Pinup-Bedecked Lyndale Tap House Opens Tomorrow

I got a press release, reproduced in full below, from Shea, the local restaurant design powerhouse, announcing that the new Lyndale Tap House (in the old J. P.’s American Bistro space on Lyndale off Lake Street) is slated to open tomorrow. Seriously? I thought they were ages away. Well, evidently no. They’re here.

I made a flurry of phone calls trying to reach restaurant principals to find out what the place was really going to be like, but no luck. In my searches, I did find this blog entry by Viva Van Story, the self-described “East Coast’s number one pinup photographer” and these links to her girls-as-beef pics for our new restaurant’s walls… They’re moderately unsafe for work, so be warned: Calamity Amelie and I [Viva Van Story] in Minnesota Shooting on a Farm.

The Shea press release clarifies that the models are Swedish, and were shot at a Clearwater Angus farm.

I wonder if the work will seem less… (The word I’m trying not to use here is sexist.) Less risque? Less sexy? No, I guess I mean sexist. I wonder if the work will seem less sexist in context?

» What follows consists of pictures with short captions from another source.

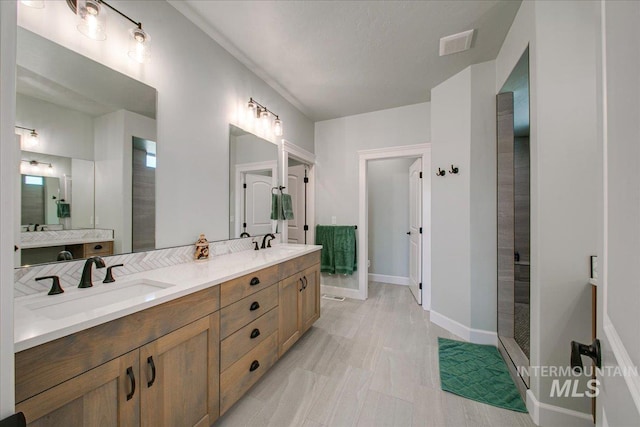 bathroom with double vanity, a sink, baseboards, and visible vents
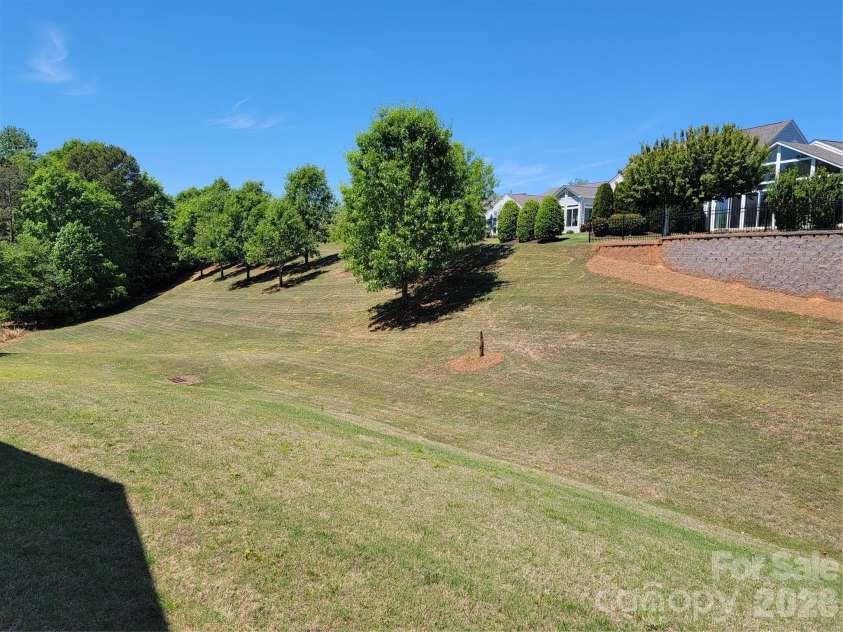 5112 Folly Lane, Fort Mill, SC 29707.  MLS# CAR4373813, YatesRealty ID 29633. View from back yard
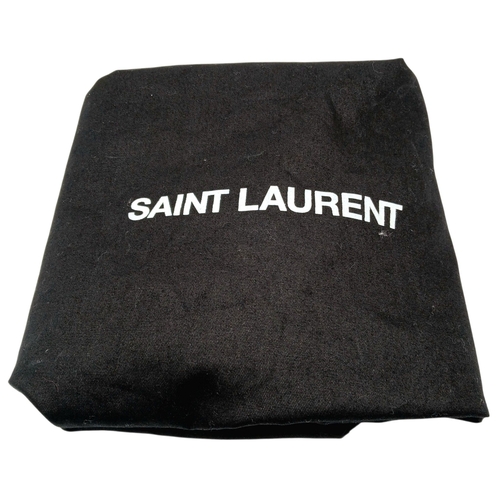 55 - A Black Yves Saint Laurent Heart Studded Tote Bag. Black leather exterior with silver-toned heart-sh... 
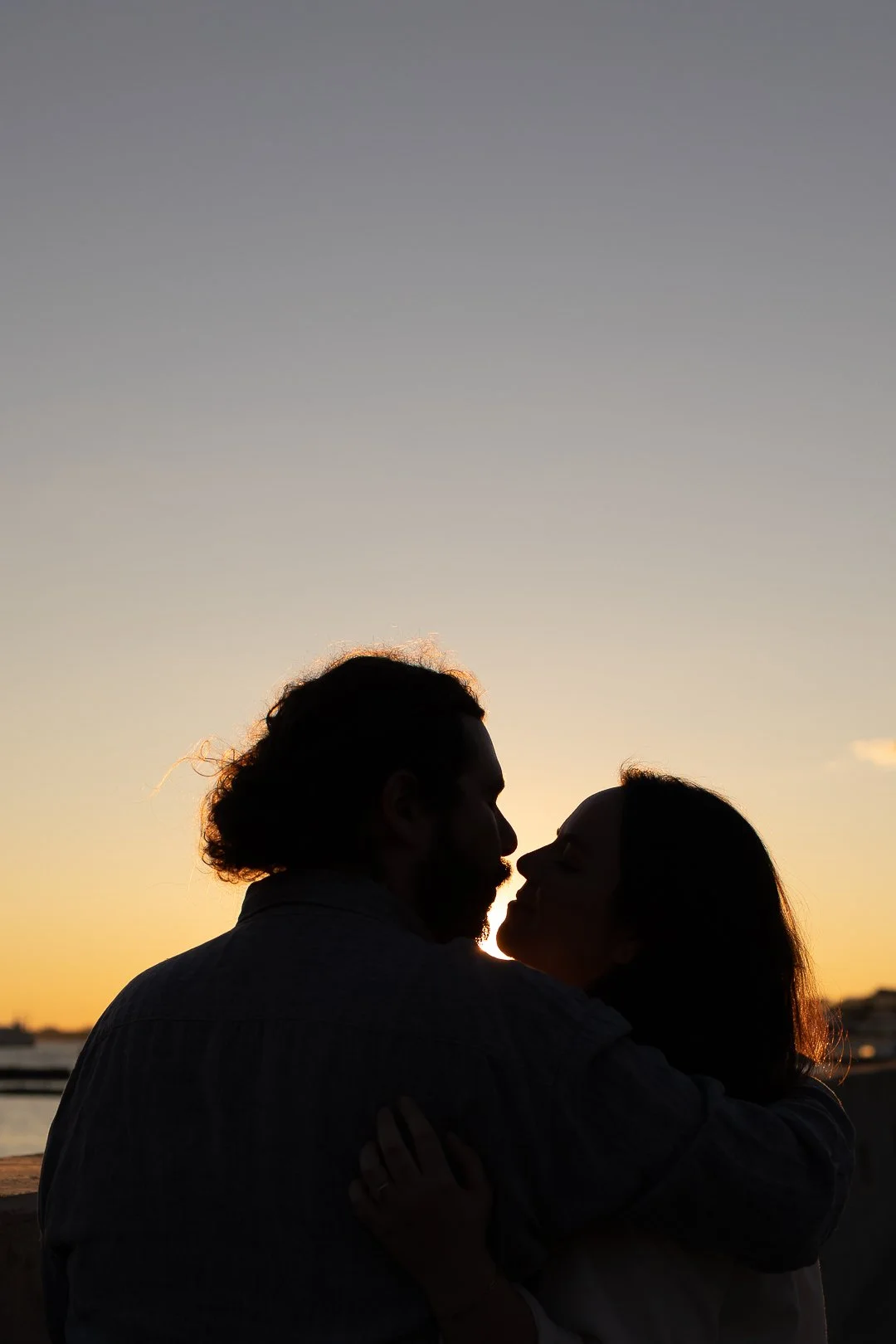 Silhouetted couple embracing at sunset by the water, with a clear sky and a few distant boats or structures.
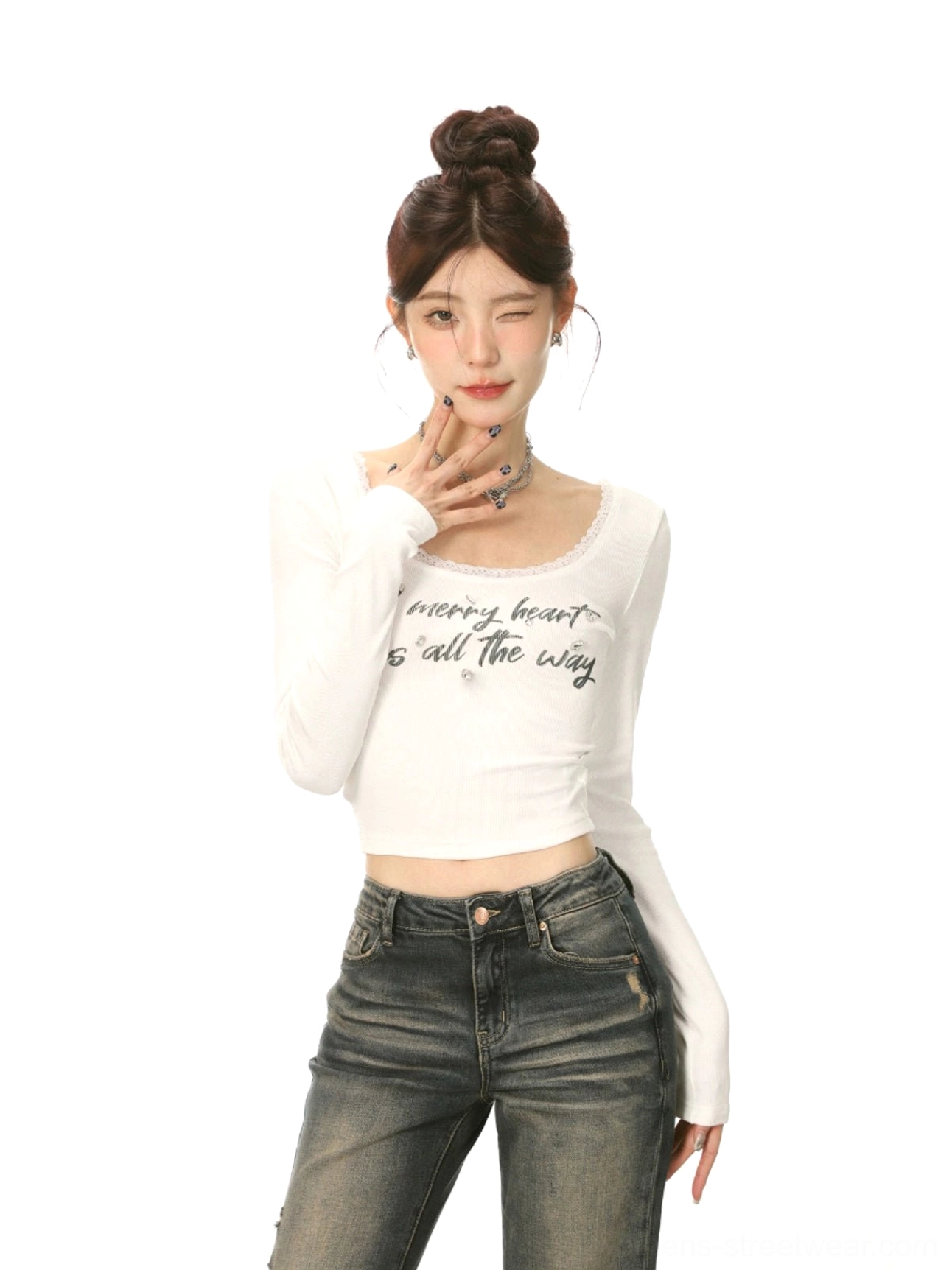 Front close-up of a white lace trim U-neck cropped long-sleeve streetwear top with handwritten lettering and a fitted waist-exposing silhouette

This is supposed to be a neighborhood bar, but I live in the neighborhood and I’d have an awfully hard time explaining these photos to my neighbors’ kids.

“You see, Vivian, there’s something called the male gaze, and something else called strippers, and a couple more things called patriarchy and pornography. Traditionally, the reading of these images would have been as women as food/property, presented for male consumption. However, a recent intellectual movement in which women claim to be reappropriating sexually stereotypical images for their own control has been raging and… Um, did you want juice or milk?”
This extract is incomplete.